▶ Excerpts from a dataset

┌────────

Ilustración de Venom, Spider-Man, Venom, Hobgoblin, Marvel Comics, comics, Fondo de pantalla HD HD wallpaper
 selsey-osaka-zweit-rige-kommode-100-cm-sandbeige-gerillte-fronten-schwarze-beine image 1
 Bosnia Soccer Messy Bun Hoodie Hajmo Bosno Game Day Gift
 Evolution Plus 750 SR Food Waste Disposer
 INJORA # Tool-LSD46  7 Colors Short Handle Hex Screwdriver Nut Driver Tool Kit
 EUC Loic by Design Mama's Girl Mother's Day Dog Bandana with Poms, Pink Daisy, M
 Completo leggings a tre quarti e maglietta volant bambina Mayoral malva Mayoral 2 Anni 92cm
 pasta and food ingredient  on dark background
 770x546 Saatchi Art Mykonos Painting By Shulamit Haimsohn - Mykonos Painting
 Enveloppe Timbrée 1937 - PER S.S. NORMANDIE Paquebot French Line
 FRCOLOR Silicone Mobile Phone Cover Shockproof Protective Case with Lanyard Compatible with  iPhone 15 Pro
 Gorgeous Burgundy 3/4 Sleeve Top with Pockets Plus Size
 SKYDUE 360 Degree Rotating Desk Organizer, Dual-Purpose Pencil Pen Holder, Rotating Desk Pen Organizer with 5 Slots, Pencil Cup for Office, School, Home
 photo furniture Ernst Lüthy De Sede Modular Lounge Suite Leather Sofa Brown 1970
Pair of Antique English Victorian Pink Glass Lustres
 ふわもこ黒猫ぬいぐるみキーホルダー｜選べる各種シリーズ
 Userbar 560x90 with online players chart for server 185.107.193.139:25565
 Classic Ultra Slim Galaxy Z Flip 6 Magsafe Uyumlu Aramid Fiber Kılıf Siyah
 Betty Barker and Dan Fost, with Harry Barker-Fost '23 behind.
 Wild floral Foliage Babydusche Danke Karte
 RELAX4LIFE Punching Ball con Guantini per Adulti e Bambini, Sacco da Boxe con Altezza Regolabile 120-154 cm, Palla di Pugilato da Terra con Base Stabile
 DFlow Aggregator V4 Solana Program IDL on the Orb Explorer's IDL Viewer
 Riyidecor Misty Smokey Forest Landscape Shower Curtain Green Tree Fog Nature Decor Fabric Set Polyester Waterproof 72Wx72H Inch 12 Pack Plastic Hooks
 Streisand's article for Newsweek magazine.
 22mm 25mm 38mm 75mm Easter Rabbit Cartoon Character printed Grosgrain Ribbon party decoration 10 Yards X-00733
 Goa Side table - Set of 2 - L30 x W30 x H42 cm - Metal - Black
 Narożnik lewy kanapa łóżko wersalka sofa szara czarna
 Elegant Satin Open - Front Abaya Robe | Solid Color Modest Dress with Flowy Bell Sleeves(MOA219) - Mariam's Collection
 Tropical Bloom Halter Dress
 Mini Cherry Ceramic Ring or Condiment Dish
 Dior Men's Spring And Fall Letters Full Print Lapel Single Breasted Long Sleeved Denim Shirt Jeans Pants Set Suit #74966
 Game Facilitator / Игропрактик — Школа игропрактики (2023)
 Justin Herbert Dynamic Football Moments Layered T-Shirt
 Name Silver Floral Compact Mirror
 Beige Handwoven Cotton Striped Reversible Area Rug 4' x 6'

└────────

▶ What you will do
Send back, unchanged, every line of the records from the one with "Name Silver Floral Compact Mirror" through the last.

▶ Written answer
 Name Silver Floral Compact Mirror
 Beige Handwoven Cotton Striped Reversible Area Rug 4' x 6'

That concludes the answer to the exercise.